(Task item): Every line below that carries the word "from" needs to be copied.

(Dataset content):
>>>
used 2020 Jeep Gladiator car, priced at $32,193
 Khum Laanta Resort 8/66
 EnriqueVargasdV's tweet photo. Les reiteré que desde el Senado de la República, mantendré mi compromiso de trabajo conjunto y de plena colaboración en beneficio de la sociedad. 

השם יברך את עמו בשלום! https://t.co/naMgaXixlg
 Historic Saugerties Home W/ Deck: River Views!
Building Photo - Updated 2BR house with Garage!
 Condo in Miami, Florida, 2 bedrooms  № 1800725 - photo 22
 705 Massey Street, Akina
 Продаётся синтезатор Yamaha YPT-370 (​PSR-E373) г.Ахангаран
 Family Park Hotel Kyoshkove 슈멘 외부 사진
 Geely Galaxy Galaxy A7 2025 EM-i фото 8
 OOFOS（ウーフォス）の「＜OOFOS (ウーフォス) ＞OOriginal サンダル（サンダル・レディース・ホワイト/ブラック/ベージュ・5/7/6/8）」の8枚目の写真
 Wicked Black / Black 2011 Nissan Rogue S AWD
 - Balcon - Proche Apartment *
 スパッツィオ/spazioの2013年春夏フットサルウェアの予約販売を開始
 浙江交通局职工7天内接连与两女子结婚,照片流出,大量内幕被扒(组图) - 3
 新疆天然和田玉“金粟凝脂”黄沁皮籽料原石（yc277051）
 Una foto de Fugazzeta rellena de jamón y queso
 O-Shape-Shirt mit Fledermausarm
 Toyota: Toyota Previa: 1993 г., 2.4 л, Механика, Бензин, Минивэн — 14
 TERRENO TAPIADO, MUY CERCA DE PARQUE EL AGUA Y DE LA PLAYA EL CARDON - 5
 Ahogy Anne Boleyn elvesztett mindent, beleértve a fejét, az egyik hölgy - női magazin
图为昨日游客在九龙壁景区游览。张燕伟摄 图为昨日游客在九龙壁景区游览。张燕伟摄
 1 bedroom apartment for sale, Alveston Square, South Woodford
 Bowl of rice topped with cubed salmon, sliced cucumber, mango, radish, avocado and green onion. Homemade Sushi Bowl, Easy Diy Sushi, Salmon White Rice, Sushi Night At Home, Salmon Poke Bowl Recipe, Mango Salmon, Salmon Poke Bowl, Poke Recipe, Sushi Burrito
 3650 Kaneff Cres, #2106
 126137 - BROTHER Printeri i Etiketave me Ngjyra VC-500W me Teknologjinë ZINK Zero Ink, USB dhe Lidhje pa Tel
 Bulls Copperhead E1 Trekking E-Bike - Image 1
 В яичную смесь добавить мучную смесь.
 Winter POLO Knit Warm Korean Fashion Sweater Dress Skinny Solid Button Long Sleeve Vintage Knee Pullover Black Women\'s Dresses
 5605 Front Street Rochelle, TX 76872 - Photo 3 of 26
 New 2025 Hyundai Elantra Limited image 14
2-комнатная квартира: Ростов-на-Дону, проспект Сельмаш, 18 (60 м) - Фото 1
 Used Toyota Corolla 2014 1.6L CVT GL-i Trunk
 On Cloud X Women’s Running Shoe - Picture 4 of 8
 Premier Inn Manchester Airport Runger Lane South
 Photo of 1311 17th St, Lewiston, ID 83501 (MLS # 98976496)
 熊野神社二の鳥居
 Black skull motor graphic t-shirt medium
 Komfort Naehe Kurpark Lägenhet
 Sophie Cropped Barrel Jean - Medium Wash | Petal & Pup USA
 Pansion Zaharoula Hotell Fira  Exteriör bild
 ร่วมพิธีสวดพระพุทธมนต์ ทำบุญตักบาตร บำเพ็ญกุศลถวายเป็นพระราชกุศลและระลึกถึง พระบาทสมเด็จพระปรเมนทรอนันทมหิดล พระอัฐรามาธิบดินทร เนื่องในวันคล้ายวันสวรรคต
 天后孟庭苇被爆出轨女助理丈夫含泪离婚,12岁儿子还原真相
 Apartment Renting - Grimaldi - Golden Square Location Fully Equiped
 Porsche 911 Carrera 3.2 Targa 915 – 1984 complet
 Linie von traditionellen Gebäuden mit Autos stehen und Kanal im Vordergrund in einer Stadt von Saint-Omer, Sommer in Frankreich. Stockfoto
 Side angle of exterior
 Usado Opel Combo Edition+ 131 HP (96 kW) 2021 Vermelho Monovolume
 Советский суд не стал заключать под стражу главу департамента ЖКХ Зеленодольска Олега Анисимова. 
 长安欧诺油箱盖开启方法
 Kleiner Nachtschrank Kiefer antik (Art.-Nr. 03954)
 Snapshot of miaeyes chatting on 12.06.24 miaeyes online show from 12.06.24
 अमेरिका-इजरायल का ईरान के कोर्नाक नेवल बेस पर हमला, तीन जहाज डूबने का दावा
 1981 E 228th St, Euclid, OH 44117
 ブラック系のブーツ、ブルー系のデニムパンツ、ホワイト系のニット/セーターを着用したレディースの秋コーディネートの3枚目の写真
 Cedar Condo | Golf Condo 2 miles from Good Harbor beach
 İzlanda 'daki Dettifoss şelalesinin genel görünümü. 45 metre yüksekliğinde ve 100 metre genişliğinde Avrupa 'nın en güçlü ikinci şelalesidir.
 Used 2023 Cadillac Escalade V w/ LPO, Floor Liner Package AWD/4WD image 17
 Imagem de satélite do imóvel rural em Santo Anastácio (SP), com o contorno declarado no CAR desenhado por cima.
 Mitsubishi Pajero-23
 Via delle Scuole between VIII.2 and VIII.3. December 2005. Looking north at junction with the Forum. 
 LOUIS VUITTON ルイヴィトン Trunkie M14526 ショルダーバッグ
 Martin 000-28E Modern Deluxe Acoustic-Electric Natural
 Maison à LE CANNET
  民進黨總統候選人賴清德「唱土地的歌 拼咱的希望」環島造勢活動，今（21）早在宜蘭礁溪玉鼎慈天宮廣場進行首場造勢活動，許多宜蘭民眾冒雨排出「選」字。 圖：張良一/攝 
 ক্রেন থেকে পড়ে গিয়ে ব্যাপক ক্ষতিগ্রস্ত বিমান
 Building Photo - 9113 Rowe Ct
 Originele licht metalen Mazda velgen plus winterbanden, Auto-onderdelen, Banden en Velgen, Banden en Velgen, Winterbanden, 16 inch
<<<
(Response to this exercise):
 Snapshot of miaeyes chatting on 12.06.24 miaeyes online show from 12.06.24
 Cedar Condo | Golf Condo 2 miles from Good Harbor beach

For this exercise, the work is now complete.